**Work to be completed**: Nothing but the lines from the one containing "Hey folks, thanks" to the end of the data should be copied, exactly, and the pictures stay out.

**Stored data**:
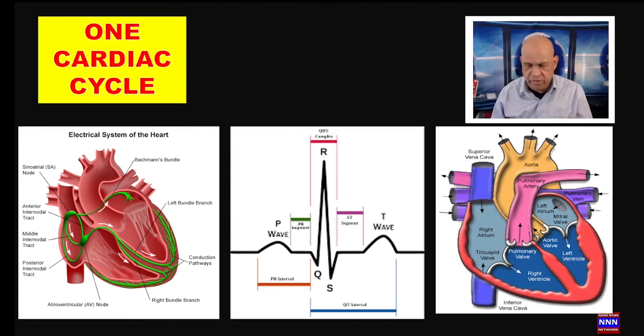Now let's touch on hemodynamics — the pressures within the heart chambers. For blood to move from one point to another, there must be a pressure difference. For example, for blood to move from the right atrium into the right ventricle, the pressure in the right atrium must be higher than the right ventricular diastolic pressure, which pushes open the tricuspid valve and drives blood into the right ventricle. The same process occurs on the left side.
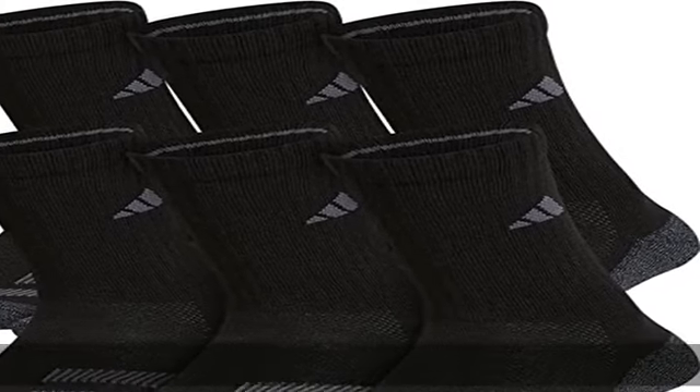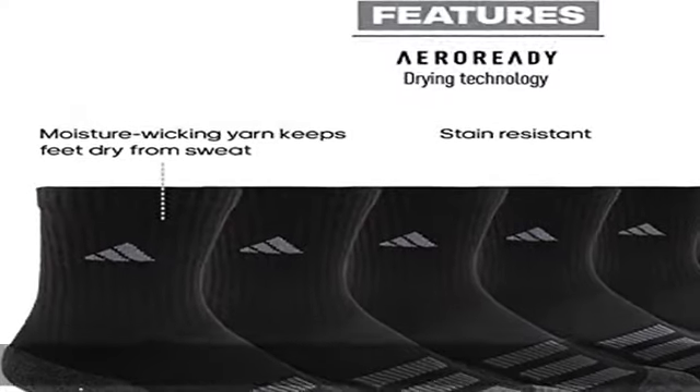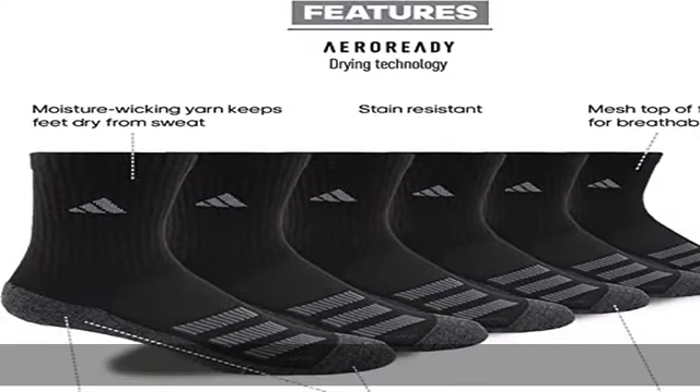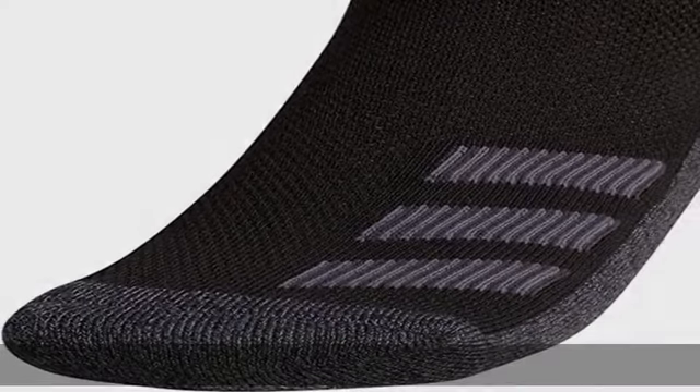93% polyester, 3% natural latex rubber, 2% spandex, 2% nylon. Imported, pull-on closure, machine wash. Cushioned heel and toe for comfort. Size callout added to bottom of foot. Reinforced heel and toe for durability. Show more in the description to get this product today at the best price.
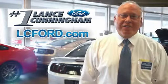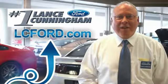Hey folks, thanks for checking out this vehicle. For more information, lc4.com. Thanks again.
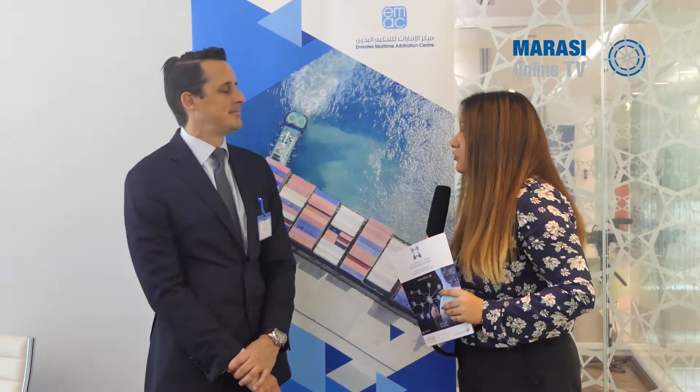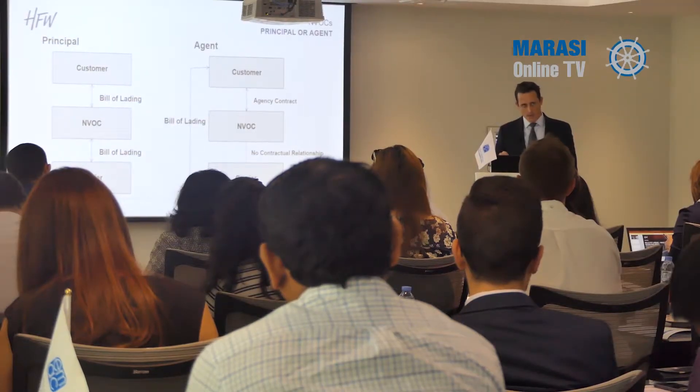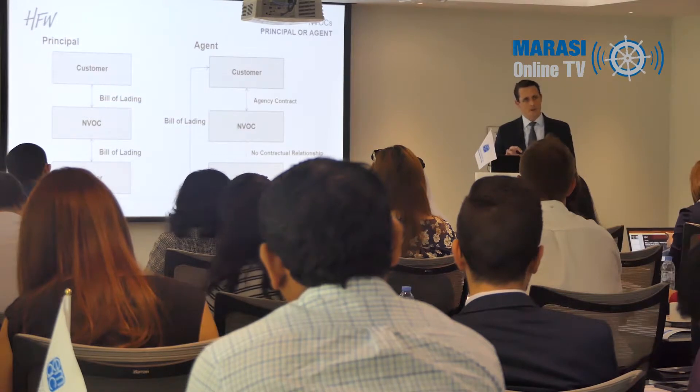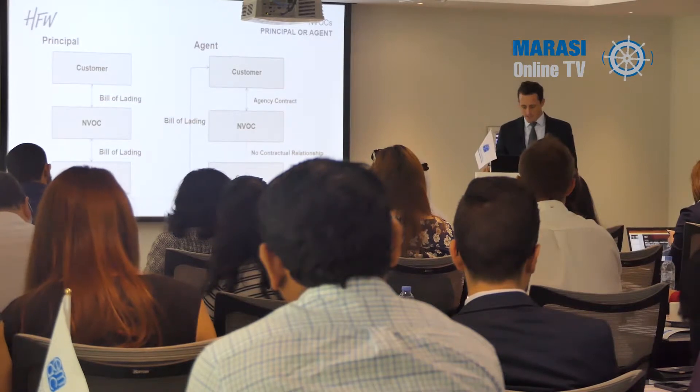During your presentation, you mentioned P&I clubs and their role. Would you please further elaborate to our audience about the role of P&I clubs in order to avoid all the quarrels that could happen to ship owners? P&I clubs are the liability insurers of ship owners. They're mutual insurers, which means ship owners get together, pool their resources, and agree to insure one another in respect of claims. Liabilities are rising, and there's an international group of 13 P&I clubs that look after the majority of the world's tonnage and provide liability insurance.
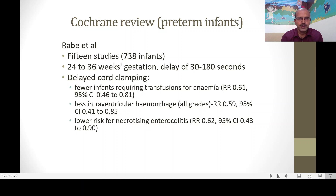The delayed cord clamping group showed fewer infants requiring transfusion for anemia and less intraventricular hemorrhage — though the IVH finding doesn't hold in more recent studies. There is also a lower risk for necrotizing enterocolitis. Both the IVH reduction and NEC risk reduction could be due to improved circulatory stabilization. Preterm babies with low blood volume are more hemodynamically unstable, and the impact of blood left in the placenta is more marked in these sicker, lower-blood-volume infants.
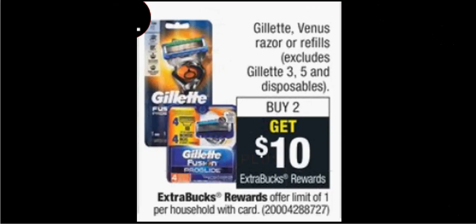The Gillette or Venus razor or refills are on sale. When you buy two, you'll get $10 back as an extra care buck. If you get two of the Mach 3s that are $10 and use two of the $2 off coupons found in your Procter & Gamble newspaper insert of September 27th, you'll pay $16 out of pocket. Get the $10 back — it would be like getting each one for $3.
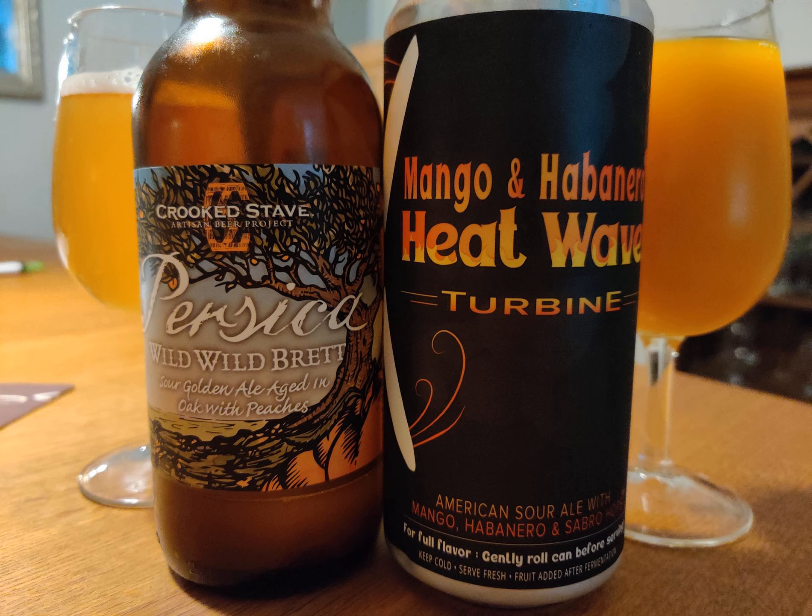We're starting with Crooked Stave Persica. We do have two fruit-forward beers today. It's Wild Wild Brett Persica — a sour golden ale aged in oak with peaches — and this bottle is marked October 2015. It was available at glassbanken.se a while back. It was sold as just 'Persica oak aged' and it just happened to be the aged one.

**Response**:
Hey folks, thanks for checking out this vehicle. For more information, lc4.com. Thanks again.
During your presentation, you mentioned P&I clubs and their role. Would you please further elaborate to our audience about the role of P&I clubs in order to avoid all the quarrels that could happen to ship owners? P&I clubs are the liability insurers of ship owners. They're mutual insurers, which means ship owners get together, pool their resources, and agree to insure one another in respect of claims. Liabilities are rising, and there's an international group of 13 P&I clubs that look after the majority of the world's tonnage and provide liability insurance.
The delayed cord clamping group showed fewer infants requiring transfusion for anemia and less intraventricular hemorrhage — though the IVH finding doesn't hold in more recent studies. There is also a lower risk for necrotizing enterocolitis. Both the IVH reduction and NEC risk reduction could be due to improved circulatory stabilization. Preterm babies with low blood volume are more hemodynamically unstable, and the impact of blood left in the placenta is more marked in these sicker, lower-blood-volume infants.
The Gillette or Venus razor or refills are on sale. When you buy two, you'll get $10 back as an extra care buck. If you get two of the Mach 3s that are $10 and use two of the $2 off coupons found in your Procter & Gamble newspaper insert of September 27th, you'll pay $16 out of pocket. Get the $10 back — it would be like getting each one for $3.
We're starting with Crooked Stave Persica. We do have two fruit-forward beers today. It's Wild Wild Brett Persica — a sour golden ale aged in oak with peaches — and this bottle is marked October 2015. It was available at glassbanken.se a while back. It was sold as just 'Persica oak aged' and it just happened to be the aged one.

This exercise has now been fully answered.